1. A reversible generator-receiver comprising an assembly comprising

(a) a plurality of free-floating helical gear means (9, 10) including a driving gear and at least one driven gear interengaging at a mesh point, said gear means having teeth defining spaces between said teeth and two sides, one of said gears (9) having a shaft cooperating with bearings (123);

(b) a flexible envelope (36) having an inner face surrounding said gear means (9, 10) and having conduits (43) therein;

(c) a plurality of side plates (21, 22) made of plastic material and bearing against sides of said gear means (9, 10) and in abutment against said envelope (36) by a contact surface at a 45° angle, and provided with seals (58);

(d) a rigid body (49) and covers (54, 55) having bores and enclosing (a), (b) and (c);

(e) hydraulic sectors (38) for pressurizing a periphery of said flexible envelope (36) so as to force said flexible envelope against crests of said teeth so as to render said spaces fluid-tight;

(f) opposed hydrostatic compensation sectors (60) for applying equilibrated pressure to said side plates (21, 22) so as to obtain fluid-tightness on both sides of said gear means (9, 10);

(g) a hydraulic winding comprising a plurality of rotor conduits in said free-floating gear means (9, 10) and a plurality of stator conduits (23) in said side plates, successive commutations between said plurality of rotor conduits and said stator conduits being provided by ends of said conduits passing one in front of the other along a circle of commutation (20) and simultaneously on said tooth spaces at the level of a rolling pitch circle for another end of said stator conduits to provide permanent connection between said opposed tooth spaces except in zones wherein hydraulic bearings are created, each zone of said hydraulic bearings which is opposite said mesh point being accompanied by (i) a break in the connection between tooth spaces at a given point and a point opposite said given point, and (ii) conservation of pressure by supplying said hydraulic bearing which are created with high pressure via a conduit member from a zone (34) of permanent total pressure;

(h) said rotor conduits into said gears (9, 10) being constituted by groups of first conduits (102) diametrically opposed around said circle of commutation (20) and parallel to an axis of said gear means, and connecting said diametrically opposed conduits (102) at π;

(i) said rotor conduits supplying said stator conduits in said plates (21, 11) and said casing (36) through cavities (100) on said circle of commutation (20) and second conduits (23);

(j) priority valve means (116) being provided for selectively pressurizing and depressurizing said zone (34) of permanent total pressure;

(k) said side plates (21, 22) being molded on an insert comprising two circular parts joined by a bi-concave joint and having an inner face and an outer face, said outer face being flush with the inner face of each said side plate;

(l) said outer face of said insert comprising grooves (210) into each of which the plastic material constituting said side plates (21, 22) penetrates to form a bead in which each said cavity (100) is formed.

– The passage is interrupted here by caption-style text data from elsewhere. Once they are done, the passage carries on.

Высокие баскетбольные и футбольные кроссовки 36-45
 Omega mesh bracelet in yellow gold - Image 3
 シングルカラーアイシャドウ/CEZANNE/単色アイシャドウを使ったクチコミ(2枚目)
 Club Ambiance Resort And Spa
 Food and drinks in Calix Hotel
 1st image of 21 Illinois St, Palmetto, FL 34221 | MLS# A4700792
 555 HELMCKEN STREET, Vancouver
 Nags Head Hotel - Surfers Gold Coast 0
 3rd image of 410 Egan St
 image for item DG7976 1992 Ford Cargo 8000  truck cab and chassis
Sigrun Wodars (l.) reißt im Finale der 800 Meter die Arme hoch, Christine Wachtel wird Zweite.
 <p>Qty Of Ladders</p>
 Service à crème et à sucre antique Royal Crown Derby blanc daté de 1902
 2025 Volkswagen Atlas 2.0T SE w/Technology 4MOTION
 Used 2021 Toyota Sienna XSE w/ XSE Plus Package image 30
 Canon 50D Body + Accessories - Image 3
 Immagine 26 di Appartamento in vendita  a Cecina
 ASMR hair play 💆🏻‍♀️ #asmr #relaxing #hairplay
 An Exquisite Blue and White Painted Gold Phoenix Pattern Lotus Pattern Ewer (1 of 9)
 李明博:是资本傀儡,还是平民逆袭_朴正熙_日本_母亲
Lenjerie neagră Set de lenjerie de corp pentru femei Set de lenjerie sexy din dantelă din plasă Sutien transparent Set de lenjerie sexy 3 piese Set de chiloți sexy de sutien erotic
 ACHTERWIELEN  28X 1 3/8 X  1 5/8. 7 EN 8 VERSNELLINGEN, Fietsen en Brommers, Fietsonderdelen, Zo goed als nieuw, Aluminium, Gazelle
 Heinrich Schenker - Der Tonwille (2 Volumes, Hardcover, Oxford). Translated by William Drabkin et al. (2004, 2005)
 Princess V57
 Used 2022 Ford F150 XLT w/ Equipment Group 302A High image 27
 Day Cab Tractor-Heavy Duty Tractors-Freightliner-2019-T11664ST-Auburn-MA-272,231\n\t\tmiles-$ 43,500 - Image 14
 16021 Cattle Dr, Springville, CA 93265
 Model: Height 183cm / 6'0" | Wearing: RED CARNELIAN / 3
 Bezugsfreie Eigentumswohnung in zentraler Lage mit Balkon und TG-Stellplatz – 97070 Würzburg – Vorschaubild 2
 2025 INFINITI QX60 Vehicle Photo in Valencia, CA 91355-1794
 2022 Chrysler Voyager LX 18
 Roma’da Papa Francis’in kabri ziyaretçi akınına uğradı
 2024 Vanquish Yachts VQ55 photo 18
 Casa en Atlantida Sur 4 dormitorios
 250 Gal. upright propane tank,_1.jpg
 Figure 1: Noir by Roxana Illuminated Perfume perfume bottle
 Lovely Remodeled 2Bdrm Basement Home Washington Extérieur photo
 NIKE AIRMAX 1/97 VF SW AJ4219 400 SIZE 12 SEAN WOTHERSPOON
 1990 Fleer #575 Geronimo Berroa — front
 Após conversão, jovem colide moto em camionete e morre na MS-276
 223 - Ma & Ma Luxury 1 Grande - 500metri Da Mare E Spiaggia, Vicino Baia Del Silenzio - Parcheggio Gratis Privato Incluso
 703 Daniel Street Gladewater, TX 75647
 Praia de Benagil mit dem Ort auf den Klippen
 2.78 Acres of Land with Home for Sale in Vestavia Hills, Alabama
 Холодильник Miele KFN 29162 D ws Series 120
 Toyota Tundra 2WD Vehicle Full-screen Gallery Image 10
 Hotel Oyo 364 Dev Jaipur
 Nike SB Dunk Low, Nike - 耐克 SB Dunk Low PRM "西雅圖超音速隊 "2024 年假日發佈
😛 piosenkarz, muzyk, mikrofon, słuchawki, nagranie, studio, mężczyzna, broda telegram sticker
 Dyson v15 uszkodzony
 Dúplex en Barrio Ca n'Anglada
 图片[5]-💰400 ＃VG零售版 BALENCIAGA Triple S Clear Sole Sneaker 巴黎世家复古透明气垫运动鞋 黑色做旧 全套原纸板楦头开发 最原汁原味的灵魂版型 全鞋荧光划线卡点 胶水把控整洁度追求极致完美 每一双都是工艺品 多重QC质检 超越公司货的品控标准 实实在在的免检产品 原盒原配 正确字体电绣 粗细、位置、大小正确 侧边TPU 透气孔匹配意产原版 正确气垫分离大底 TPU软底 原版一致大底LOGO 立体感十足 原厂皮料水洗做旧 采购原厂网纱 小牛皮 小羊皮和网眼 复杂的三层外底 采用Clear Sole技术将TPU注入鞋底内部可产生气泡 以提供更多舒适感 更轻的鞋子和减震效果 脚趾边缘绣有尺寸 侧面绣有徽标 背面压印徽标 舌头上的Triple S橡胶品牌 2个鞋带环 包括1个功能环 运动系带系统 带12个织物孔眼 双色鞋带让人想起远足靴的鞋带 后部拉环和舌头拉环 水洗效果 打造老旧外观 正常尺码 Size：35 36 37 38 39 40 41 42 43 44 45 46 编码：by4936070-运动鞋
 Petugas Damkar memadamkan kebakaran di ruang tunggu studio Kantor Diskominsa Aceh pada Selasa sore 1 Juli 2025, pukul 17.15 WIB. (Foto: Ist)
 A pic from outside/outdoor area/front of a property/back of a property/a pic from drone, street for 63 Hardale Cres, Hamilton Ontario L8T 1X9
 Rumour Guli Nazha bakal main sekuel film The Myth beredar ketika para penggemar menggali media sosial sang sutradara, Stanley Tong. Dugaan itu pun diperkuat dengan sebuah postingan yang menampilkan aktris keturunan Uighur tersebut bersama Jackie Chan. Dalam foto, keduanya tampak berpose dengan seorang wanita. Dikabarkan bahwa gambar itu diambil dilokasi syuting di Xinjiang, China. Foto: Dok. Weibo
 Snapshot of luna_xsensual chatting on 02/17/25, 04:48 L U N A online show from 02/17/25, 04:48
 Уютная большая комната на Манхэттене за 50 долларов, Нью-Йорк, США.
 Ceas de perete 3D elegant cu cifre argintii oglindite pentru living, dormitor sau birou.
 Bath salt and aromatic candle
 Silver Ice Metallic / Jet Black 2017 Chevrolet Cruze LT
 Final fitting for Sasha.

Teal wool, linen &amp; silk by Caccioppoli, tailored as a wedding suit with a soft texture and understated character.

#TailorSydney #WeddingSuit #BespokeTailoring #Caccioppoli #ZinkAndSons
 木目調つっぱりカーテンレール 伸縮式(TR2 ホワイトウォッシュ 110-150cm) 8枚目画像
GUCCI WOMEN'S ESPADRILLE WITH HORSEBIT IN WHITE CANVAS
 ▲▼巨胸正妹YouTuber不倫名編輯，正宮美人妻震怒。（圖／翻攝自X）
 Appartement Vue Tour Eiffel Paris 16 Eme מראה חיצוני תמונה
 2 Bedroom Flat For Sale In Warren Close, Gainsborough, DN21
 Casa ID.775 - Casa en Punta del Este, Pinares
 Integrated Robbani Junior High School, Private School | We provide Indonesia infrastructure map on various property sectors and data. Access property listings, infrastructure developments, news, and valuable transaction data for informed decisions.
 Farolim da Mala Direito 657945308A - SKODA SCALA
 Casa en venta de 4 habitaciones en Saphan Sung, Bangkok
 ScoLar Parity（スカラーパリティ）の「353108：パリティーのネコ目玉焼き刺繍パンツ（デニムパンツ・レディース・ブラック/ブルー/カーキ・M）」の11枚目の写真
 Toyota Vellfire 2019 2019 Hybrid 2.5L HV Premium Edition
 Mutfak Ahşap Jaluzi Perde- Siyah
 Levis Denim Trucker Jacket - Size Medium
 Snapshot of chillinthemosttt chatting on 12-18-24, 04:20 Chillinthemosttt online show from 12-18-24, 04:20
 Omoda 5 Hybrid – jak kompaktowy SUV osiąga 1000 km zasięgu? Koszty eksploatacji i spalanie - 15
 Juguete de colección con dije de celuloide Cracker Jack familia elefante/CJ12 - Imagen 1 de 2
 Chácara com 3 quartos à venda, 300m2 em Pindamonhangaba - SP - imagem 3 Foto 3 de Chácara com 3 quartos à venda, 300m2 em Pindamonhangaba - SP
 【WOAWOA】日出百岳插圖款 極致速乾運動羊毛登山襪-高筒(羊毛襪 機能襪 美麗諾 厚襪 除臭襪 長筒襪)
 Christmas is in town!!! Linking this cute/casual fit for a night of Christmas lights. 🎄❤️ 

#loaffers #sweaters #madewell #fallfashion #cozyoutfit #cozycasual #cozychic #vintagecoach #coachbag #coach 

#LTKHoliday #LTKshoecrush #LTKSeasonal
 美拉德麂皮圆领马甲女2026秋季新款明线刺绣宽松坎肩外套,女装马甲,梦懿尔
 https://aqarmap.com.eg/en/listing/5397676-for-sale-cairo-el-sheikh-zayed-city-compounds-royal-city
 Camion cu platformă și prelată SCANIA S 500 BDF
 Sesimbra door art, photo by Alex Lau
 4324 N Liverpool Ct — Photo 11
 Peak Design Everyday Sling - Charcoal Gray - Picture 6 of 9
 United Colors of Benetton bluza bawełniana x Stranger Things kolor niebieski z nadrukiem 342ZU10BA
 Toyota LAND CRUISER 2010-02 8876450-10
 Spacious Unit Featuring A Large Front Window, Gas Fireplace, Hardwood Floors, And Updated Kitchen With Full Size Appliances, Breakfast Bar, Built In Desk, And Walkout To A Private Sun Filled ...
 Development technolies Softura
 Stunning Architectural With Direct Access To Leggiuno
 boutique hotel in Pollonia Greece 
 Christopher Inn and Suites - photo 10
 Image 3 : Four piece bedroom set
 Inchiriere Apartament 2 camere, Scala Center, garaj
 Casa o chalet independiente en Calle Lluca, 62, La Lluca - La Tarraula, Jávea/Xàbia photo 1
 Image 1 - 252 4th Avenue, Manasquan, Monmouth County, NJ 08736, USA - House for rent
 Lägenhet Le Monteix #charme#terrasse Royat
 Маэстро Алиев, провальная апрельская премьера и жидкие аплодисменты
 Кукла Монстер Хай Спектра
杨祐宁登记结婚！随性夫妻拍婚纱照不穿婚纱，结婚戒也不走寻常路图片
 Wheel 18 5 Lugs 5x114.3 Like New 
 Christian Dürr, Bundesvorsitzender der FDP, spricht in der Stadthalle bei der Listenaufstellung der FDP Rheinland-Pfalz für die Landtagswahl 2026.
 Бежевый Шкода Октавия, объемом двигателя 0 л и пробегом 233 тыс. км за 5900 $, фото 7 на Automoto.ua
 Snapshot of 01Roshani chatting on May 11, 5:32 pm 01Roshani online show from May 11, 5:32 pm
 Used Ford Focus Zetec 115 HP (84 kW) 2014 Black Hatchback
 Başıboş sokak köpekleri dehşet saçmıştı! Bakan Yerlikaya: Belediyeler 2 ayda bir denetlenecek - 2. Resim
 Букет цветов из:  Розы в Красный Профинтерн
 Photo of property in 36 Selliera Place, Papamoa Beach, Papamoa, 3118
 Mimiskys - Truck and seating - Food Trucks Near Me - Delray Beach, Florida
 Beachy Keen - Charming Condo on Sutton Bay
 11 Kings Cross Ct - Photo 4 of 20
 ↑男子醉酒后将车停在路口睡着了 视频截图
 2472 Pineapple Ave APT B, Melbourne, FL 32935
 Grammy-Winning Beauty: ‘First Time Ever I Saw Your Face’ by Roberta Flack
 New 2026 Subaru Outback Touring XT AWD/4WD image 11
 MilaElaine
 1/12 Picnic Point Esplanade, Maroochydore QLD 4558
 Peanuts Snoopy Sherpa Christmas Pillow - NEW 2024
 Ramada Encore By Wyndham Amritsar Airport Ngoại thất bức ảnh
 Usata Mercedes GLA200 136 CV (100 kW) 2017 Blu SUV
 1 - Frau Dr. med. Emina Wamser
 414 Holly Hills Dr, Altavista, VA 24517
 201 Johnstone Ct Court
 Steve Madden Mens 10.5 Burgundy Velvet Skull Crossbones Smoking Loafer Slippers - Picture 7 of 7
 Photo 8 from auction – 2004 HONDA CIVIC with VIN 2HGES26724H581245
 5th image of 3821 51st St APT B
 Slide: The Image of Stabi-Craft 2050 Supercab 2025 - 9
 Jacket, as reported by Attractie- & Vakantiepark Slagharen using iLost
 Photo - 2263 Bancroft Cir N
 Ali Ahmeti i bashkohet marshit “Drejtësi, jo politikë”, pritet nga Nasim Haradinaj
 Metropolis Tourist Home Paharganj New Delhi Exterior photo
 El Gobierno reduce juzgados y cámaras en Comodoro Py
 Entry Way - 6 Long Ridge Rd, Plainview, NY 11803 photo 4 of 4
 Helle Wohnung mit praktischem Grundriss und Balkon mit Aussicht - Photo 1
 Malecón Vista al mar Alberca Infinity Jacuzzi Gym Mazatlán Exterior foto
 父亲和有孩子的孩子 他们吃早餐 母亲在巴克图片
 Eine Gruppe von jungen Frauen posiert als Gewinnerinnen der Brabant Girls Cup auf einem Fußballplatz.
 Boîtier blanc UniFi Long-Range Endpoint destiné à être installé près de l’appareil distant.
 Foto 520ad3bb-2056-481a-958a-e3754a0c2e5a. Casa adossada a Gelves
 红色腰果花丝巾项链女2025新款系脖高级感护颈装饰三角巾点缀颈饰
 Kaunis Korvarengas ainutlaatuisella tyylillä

2. Reversible generator-receiver according to claim 1, wherein said covers (54, 55) and said body (49) have respectively projections (201, 201', 201") and bosses (203, 203') having lateral inclined faces, and said side plates and envelope have corresponding recesses having lateral inclined faces made correspondingly, said lateral faces of projections and bosses cooperating with a difference of the order of 5° with the lateral faces of corresponding recesses to allow assembly by force of said side plates and said envelope at the level of said contact surface.

3. Reversible generator-receiver according to claim 1, wherein said inner face of said envelope (36) has grooves (212) which are connected to and eccentric with respect to said conduits (43).

4. Reversible generator-receiver according to claim 1, wherein each said side plate (21, 22) houses a tie (221) on a side of said driven gear and said bearing (123) while said seal (58) is housed in a groove of the bore of the corresponding said cover (54, 55).